Super-Scalar RAM-CPU Cache Compression



- Hide Paper Summary
Paper Title: Super-Scalar RAM-CPU Cache Compression
Link: https://ieeexplore.ieee.org/document/1617427
Year: ICDE 2006
Keyword: Compression; Database Compression



Back

Highlight:

  1. Storing outliers as exceptions to encode common values with far less bits

  2. Using two iterations, instead of one, to decode to avoid “if” statement and control hazards. In general, if neither does the “if” statement change for loop’s control flow, nor is it dependent on by later iterations, the computation of the “if” branch can be delayed to a separate loop by remembering the iteration number.

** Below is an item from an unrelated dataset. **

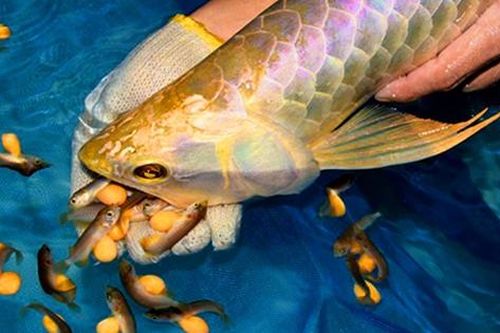 Cảnh báo ngộ độc nguy hiểm từ thói quen ăn cá nóc và trứng cá cảnh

  3. Dictionary-based and delta-based compression can be unified under the same framework and encoding scheme

Questions

  1. The analysis of Disk-RAM v.s. RAM-Cache compression cannot convince me. I get the argument that Disk-RAM compression is worse because data is written twice and consumes more storage. I do not get why RAM-Cache compression can directly write values into the hardware cache. This is impossible at all on modern architecture, because when you decode you always have to write the values into memory. Maybe the authors want to say that compressed values could only be materialized when the Volcano-style query operators request tuple from the table, at which time these values are decompressed and sent to upper level operators.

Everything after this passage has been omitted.